What needs to be done: Look through the entries below and report how many lines hold the string "shirt". Only the number is wanted.

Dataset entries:
━━━━━━━━

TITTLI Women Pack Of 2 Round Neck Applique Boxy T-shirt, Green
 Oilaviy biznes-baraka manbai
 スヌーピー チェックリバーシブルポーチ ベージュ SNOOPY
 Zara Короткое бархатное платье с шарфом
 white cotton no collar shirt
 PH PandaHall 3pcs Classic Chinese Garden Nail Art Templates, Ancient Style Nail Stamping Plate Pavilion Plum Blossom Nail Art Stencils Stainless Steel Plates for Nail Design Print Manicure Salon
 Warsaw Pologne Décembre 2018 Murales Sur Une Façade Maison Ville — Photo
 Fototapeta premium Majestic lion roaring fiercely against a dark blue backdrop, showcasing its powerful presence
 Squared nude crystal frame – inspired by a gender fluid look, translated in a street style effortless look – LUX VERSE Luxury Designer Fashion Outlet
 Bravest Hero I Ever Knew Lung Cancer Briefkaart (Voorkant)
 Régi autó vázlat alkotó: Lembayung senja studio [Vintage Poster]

━━━━━━━━

Written reply: 2